Monte Olivo es una pequeña ciudad, en el interior del estado de Carolina del Norte, aquí en los Estados Unidos; una ciudad sin mucho atractivo, simple, llena de sembríos de frijoles y tabaco. Aquí en Monte Olivo hay una iglesia formada mayormente por guatemaltecos, gente también simple, pero de un corazón tamaño del mundo. El otro día almorcé en la casa de uno de ellos y me contaba la historia de su conversión. En aquella época él ganaba 300 dólares por semana y con eso mantenía a la esposa y a los dos pequeños hijos, quiere decir, intentaba mantenerlos, porque además de ser una pequeña cantidad de dinero la que recibía por semana, lo gastaba todo con los amigos y la bebida.

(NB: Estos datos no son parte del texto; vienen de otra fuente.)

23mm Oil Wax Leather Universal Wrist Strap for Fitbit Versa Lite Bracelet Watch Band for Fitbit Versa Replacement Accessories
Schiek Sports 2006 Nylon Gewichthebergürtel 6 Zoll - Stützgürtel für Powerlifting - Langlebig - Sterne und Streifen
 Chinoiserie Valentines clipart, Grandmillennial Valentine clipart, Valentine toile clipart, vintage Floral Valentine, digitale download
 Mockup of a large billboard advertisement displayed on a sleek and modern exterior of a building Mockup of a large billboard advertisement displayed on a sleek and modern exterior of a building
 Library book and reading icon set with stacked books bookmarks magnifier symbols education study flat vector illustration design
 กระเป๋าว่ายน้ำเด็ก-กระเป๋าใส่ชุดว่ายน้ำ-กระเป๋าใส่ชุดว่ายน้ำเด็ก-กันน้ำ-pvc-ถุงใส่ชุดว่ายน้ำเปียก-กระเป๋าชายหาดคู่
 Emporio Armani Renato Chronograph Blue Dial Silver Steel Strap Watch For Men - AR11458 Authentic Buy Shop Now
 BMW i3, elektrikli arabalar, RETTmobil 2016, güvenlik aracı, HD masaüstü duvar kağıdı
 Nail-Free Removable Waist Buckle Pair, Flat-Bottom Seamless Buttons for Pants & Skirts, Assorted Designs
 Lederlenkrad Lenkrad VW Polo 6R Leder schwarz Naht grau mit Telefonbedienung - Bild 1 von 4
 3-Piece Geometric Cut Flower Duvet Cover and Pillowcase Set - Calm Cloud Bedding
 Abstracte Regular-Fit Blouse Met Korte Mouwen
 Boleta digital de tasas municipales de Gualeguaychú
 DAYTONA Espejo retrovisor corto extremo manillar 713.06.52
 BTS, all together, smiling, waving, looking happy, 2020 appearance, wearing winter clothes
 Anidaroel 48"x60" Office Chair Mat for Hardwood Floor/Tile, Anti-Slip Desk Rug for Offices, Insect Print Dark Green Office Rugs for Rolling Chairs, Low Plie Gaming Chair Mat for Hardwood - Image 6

Un domingo llegó a casa al anochecer. Había recibido su pago el viernes de tarde y se había puesto a beber con los amigos hasta el domingo. El lunes de mañana despertó para ir al trabajo, el cuerpo adolorido, el sabor amargo de la derrota en la boca y la resaca sacudiéndole el alma. Al salir de casa notó que los hijos y la esposa no tenían qué comer. La esposa simplemente lo miraba y no decía nada, estaba ahí en un rincón de la sala, como resignada a esa triste situación. Los niños pequeños, observándolo asustados, como si mirasen a una persona extraña que nada tenía que ver con ellos.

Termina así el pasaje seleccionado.